Let’s kick it up a notch and install precast units over the entire surface of a stucco wall (Photograph 5). Nice house eh? Lot’s of houses like this in Florida. Interesting observation from a builder no longer doing business. Similar houses in a similar location with direct applied painted stucco over mass walls did not leak, but where the houses were “upgraded” by installing “mud-set” precast elements over the top of the direct applied stucco leakage was common (Photograph 6). The “blobs” were too big, and there were too many of them, and they were too close together and lead to perched water. I bet any hockey playing or hockey loving builder who knew about Pascal and Bernoulli could have figured out why.
Photograph 5: Precast Elements—“Mud-set” precast elements installed over the top of direct applied stucco.
Photograph 6: Perched Water—The “blobs” are too big, and there are too many of them, and they are too close together and lead to perched water.
Footnotes:
Back in the day when Canadians played hockey outside on frozen lakes and rivers we would shovel off a playing surface with snow banks forming our rink. It got expensive losing pucks in the snow banks. Enterprising as we, of course, are we realized that horses are excellent hockey puck manufacturers. In the fall Canadian youngsters would follow a horse and wait for a puck making event. When the “organic” and “recyclable” pucks froze they were ideal for the makeshift hockey rinks and not worth going after when they were lost in the snow banks. Of course the goalies had there own problems to deal with when a horse puck came their way. Johnny Bower used to chuckle that “stinking up the joint” had an entirely different meaning to a goalie in those days.
In this example, it really is separated from an underlying main body of groundwater . . .
Notice that I didn't go where you thought I might go with this…it would have been too easy.
Something those tree ring guys ought to read up on. You know the ones, the ones who gave us the hockey stick. Not the hockey stick Sid the Kid uses – the other “Hockey Stick.” Thank god for retired Canadian mining engineers who have a love of statistics.
This is a great thread if you follow it. With Pascal you get Torricelli and the barometer and Torricelli’s famous quote “we live submerged at the bottom of an ocean of air.” You also get Galileo - Torricelli and Galileo were friends – and you also get Edward Buckingham. Buckingham took a run at the water in well thing 300 years after Pascal. Buckingham was an amazing guy, a physicist with the U.S. Department of Agriculture who studied gas and water in soils. He figured out unsaturated flows and capillary action in porous media like soils. He is the reason that us Civil Engineers know so much about moisture transport in porous materials – and therefore why Building Science – whose core focus is often moisture transport in porous materials - is a discipline in the Department of Civil Engineering in Canadian universities. Buckingham is also famous for the Buckingham π Theorem in dimensional analysis. He is also known to those of us who are also Aerospace Engineers – he famously argued that jet propulsion would never be economically competitive with prop driven aircraft – he was a Harvard grad after all, and you expect this type of analysis from Harvard grads. And what is it with the USDA and physicists? How come the really great ones end up at the USDA? Like our own Anton TenWolde? You make us ASHRAE types proud Anton.

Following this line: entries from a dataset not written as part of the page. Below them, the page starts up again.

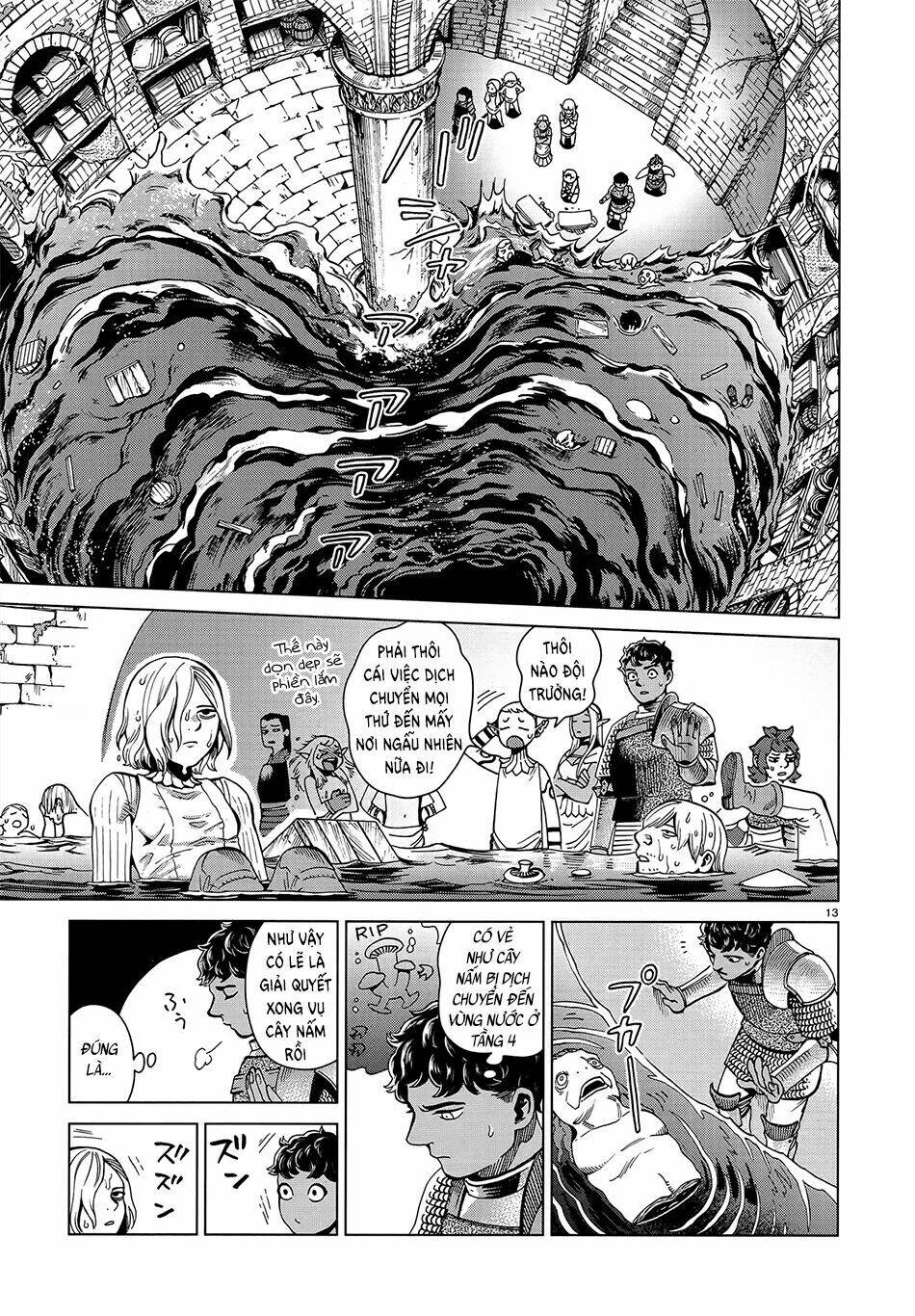 Hảo Vị Hầm Ngục: Chapter 54: - Từ tầng đàu tiên II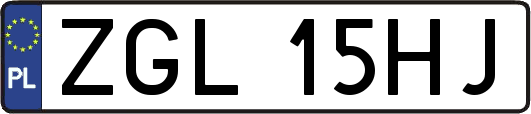 ZGL15HJ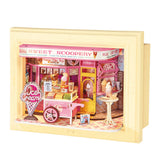 Rolife Framed DIY - Sweet Scoopery Ice Cream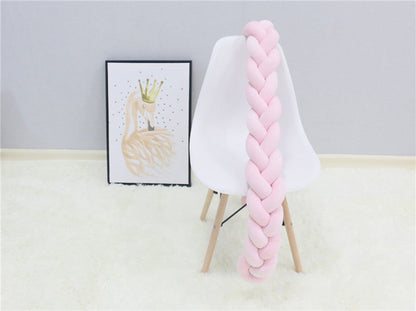 Soft Baby Pillow Handmade Crib Cushion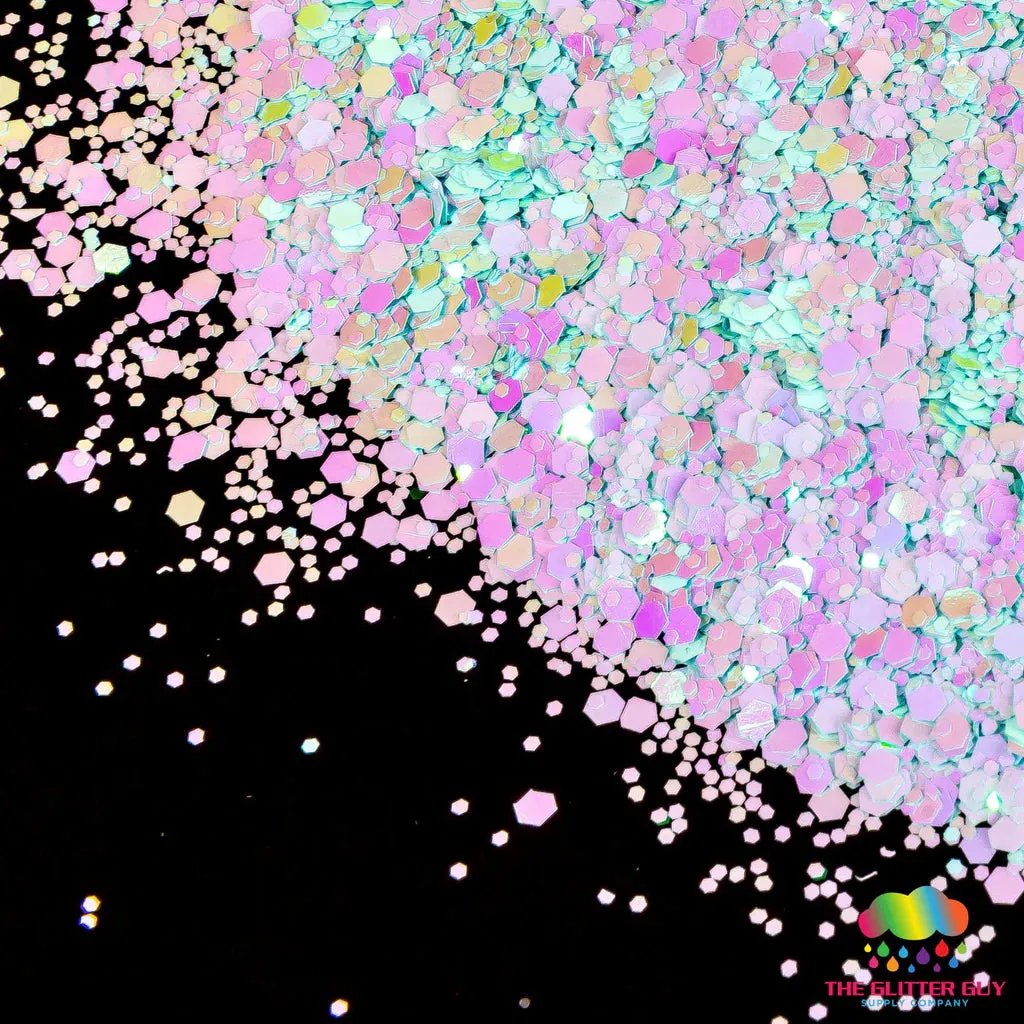 Haku - The Glitter Guy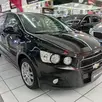 CHEVROLET SONIC 1.6 LTZ 16V FLEX 4P AUTOMÁTICO CHEVROLET SONIC 1.6 LTZ 16V FLEX 4P AUTOMÁTICO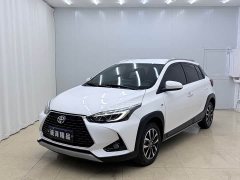 Toyota Yaris L Zhixuan X 1.5L CVT Luxury Plus - ფოტო 1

Yes, I have heard about hurricanes and nor’easters. But they are not common and buildings are expected to leak during these events. Buildings are not expected to blow away and people in them are not expected to die during these events. But they are going to get wet. Get over the wet thing. Things can dry. Especially if you design and build them to dry. Sheesh.
A classic “Straubism” – named after John Straube, University of Waterloo, a Professor at an engineering school not quite as good as the one at the University of Toronto.